Marvin Sapp Talks About Health Issues and Why Marital Life Remains Private


Recently, Kierra Sheard openly discussed her weight issues with Ebony. Now, Pastor Marvin Sapp is the latest gospel star to come out about his battle with the bulge.
“I am overweight, but I’m working on it,” said the singer who is headlining a concert to promote awareness of strokes, a leading killer of African Americans.
On Friday evening, April 12, Sapp is lent his voice to the American Heart Association / American Stroke Association’s Most Powerful Voices Gospel Concert and Health Fair at Greater Grace Church in St. Louis, MO
Statistics show that 58-68% of African American men and women are either overweight or obese. Young minorities have a 2-3 times greater risk of stroke, which is the No. 3 killer of African Americans.

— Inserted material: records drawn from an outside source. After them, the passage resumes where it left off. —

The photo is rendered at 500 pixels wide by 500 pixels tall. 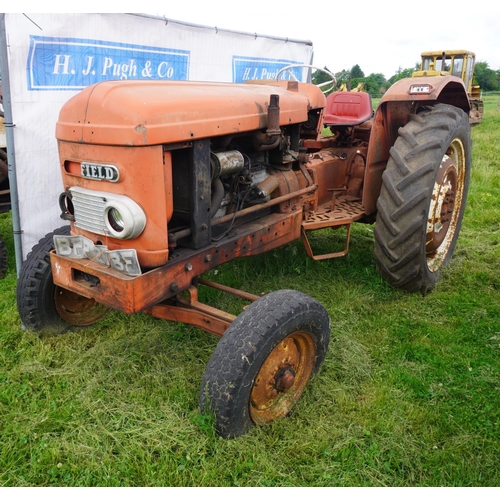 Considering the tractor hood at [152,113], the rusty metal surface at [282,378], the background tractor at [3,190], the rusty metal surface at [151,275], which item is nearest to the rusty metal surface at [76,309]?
the rusty metal surface at [151,275]

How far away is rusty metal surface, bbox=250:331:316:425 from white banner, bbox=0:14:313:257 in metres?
2.30

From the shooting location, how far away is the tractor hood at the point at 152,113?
225 cm

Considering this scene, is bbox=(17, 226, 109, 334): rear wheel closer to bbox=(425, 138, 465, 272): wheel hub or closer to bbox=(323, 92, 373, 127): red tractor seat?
bbox=(323, 92, 373, 127): red tractor seat

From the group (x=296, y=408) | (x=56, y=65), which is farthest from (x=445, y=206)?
(x=56, y=65)

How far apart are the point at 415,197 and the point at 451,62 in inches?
606

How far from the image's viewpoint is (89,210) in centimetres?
249

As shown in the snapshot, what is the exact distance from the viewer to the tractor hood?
88.4 inches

“Stroke and heart disease is major in the black community because of our diet, how we eat and what we eat and how it’s prepared,” Sapp explained during an interview with St. Louis Post-Dispatch.

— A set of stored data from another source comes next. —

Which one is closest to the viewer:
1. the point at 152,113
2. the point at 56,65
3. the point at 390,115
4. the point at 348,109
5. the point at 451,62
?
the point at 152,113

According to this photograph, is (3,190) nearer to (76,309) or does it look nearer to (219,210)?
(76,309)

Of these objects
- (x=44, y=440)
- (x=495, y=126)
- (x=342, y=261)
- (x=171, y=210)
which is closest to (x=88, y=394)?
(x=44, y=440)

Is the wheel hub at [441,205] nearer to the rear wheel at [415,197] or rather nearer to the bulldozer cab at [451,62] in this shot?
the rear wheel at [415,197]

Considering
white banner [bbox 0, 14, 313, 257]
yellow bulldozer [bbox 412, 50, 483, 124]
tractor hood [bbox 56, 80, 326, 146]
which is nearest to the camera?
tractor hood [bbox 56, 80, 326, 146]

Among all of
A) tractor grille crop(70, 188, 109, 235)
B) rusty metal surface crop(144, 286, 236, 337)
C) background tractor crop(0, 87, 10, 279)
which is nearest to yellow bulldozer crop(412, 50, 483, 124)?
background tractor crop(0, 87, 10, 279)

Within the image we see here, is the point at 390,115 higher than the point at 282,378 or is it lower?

Traditionally, family recipes passed down through generations contain high amounts of saturated fat, cholesterol and sugar, which lead to obesity-related illnesses.
“I’ve been blessed not to have diabetes or high blood pressure,” shared the "I Win" singer, who is currently shopping his “Marvin Sapp: Single Dad” reality show to networks.


Single Dad” footage: Marvin Sapp shares a hearty laugh with his daughter during a family outing

It features the recently widowed Sapp raising teenagers, two girls and a boy, pastoring a mega church, and maintaining a busy gospel music career for the first time without MaLinda, his wife of 20 years, who lost her battle with colon cancer in 2010.
“It’s not the type of show that has a whole lot of tension,” said Sapp, speculating about the reason the reality footage remains without a network home to distribute the content.
“There’s not a lot of foolishness and debauchery”--or a love interest, which executives recommend.
Despite urgings to include a leading lady, the Grand Rapids pastor is hesitant to put his love life out in the open. “I don’t believe the church is ready for that. A man of God dating publicly — some things should remain private.”
In an April 2012 radio interview with Philadelphia’s Praise 103.5, Sapp made it clear that his privacy was important to him.
“I’m going to look when I’m ready to look," he said of his search for a new wife. "And where I look is no one’s business.”